Dr. Ruth, the world’s most famous sex therapist—and at 90, the subject of a new documentary—has long harnessed the power of pop culture to tackle that most intimate of subjects.

“All RRRRRRight!”

It’s January 2018, and Dr. Ruth is visiting the place where her fame began, roughly 40 years ago: a radio studio in New York City. This time around, though, she isn’t the host of the show, dispensing advice about sex and relationships with candid words and a signature accent (“a cross between Henry Kissinger and Minnie Mouse,” The Wall Street Journal put it). Now she is the guest. Her legs dangling lightly from a chair that is, like most chairs, far too big for her—she is 4 foot 7—the woman who spent years answering other people’s questions is now answering some about herself.

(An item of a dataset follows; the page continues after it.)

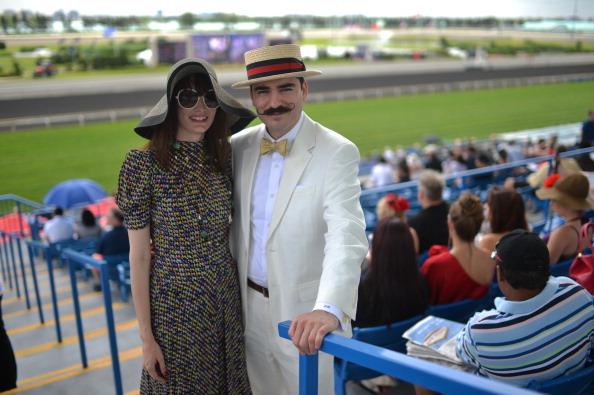 Two racegoers at Woodbine, one dressed as Hercule Poirot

“We are back,” her host says into the studio’s microphone. “This is Midday on WNYC. I’m Jonathan Capehart, and I am speaking with the iconic, world-renowned sex and relationship therapist Dr. Ruth Westheimer. In her latest book—”

“Jonathan, wait!” his interviewee interrupts.

“Yes, ma’am!” he replies.

“I would say the word sex with more emotion.”

“Oh!” he says.

“Say that word sex as if you really mean it. With some warmth! With”—she thrusts up her hands—“some excitement! With some aRRRRRRousal!”

“Start again.”

“Okay, yes, ma’am,” Capehart says, grinning. “Um, I am speaking with the iconic, world-renowned”—he adds a newly guttural emphasis to his delivery—“seeeeeex and relaaaaationship therapist Dr. Ruth Westheimer.”

He looks over at Dr. Ruth. “How’s that?”

“That,” she says, “was wonderful.”

A century ago, Edward Carpenter, the poet and activist, wondered, “Why, we may ask, should people be afraid of rousing passions which, after all, are the great driving forces of human life?” It was a question about religion; it was a question about politics; it was a question that never got fully answered. In American culture, instead, sex has existed in a kind of haze: It has been everywhere, and yet, in a more meaningful way, it has been nowhere. It has often been discussed, when it has been discussed at all, in language that is coded and furtive, its warm truths concealed under a network of strategically desiccated fig leaves. It has been rendered as images that flicker on distant screens. It has been outsourced to marketers who have promptly converted it into a sales proposition. It has been decided on our behalf.

That has been changing, gradually, in part because of the idea Dr. Ruth spent decades impressing on the public through her radio show, and her several TV shows, and her several books, and many of the other outgrowths of a one-woman media empire: Sex, she insisted, should be a topic of public conversation. And it should be given, when it is talked about, the basic courtesy of blunt language. Her inaugural radio program, Sexually Speaking, launched in 1981, was premised on the notion that the tentative new freedoms promised by a sexual revolution might bring with them tentative new questions. She set about answering them, call by call: queries about, among many other things, erectile dysfunction (don’t worry, Dr. Ruth would say; that’s easily solved), about clitoral orgasms (don’t stress; they simply take patience), about the G-spot (don’t bother; it doesn’t exist). Toys? Boredom? Is it normal to—?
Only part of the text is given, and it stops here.